Republicans quietly added a provision to their tax bill that would hurt millions of children whose parents are undocumented

    House Republicans unveiled their tax reform plan on Thursday, which includes a modest expansion of the child tax credit. But under the proposal, undocumented immigrants will no longer be eligible for the tax credit, potentially depriving millions of children of the benefit.

A little-noticed provision in the GOP’s sweeping tax overhaul plan, which was released on Thursday, would make undocumented immigrant parents ineligible for the federal child tax credit.

As the law stands now, undocumented parents can receive a federal income tax credit up to $1,000 annually for each child, the vast majority of whom are American citizens.
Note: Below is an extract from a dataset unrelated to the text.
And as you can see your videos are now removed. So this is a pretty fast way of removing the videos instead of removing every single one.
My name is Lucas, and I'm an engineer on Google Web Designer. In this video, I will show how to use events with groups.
The change could affect the more than 4 million US citizen children under 18 who live with at least one undocumented parent, as well as the approximately 1 million more so-called “dreamers” who were brought the US by their parents as children and remain undocumented.

Democrats, liberal advocacy groups, and immigrants’ rights activists have long been opposed to the idea, which has been repeatedly proposed by Republican lawmakers in recent years. Attorney General Jeff Sessions, a former senator from Alabama, and other conservatives attempted to pass this provision, known as the Child Tax Credit Integrity Preservation Act, on several occasions as an amendment to the tax code, arguing that it would save $4.2 billion in federal money going to undocumented families.
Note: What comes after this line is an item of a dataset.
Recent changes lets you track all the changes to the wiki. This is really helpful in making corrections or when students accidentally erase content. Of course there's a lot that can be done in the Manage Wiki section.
Melissa Boteach, a vice president at the liberal think tank Center for American Progress, told Business Insider that the provision amounts to an “attack” on children “to pay for tax breaks for the wealthy and corporations.”
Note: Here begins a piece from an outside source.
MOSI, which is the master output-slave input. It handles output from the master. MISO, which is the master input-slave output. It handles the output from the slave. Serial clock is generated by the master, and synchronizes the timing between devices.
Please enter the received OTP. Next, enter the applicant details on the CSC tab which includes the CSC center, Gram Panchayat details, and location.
She noted that there is strong research that indicates that the extra income the tax credit gives to low-income families has significant long-term benefits for the children, improving their educational, health, and career outcomes, on top of helping to mitigate immediate hardship.

Particularly for low-income families, the child tax credit can be key to staying out of poverty.

“It is a significant amount of income for a low-income family … losing that will definitely affect families,” Elaine Maag, a senior research associate at the non-partisan Tax Policy Center, told Business Insider.

Boteach said that while she didn’t expect the provision to be part of the bill, she wasn’t surprised that the proposal has been resurrected.

“This is not a new idea, it was not a surprise,” she said. “It’s still sad because you’re trying to market this bill as something that’s going to help families, using the child tax credit as a fig leaf, and even within the fig leaf you’re hurting children.”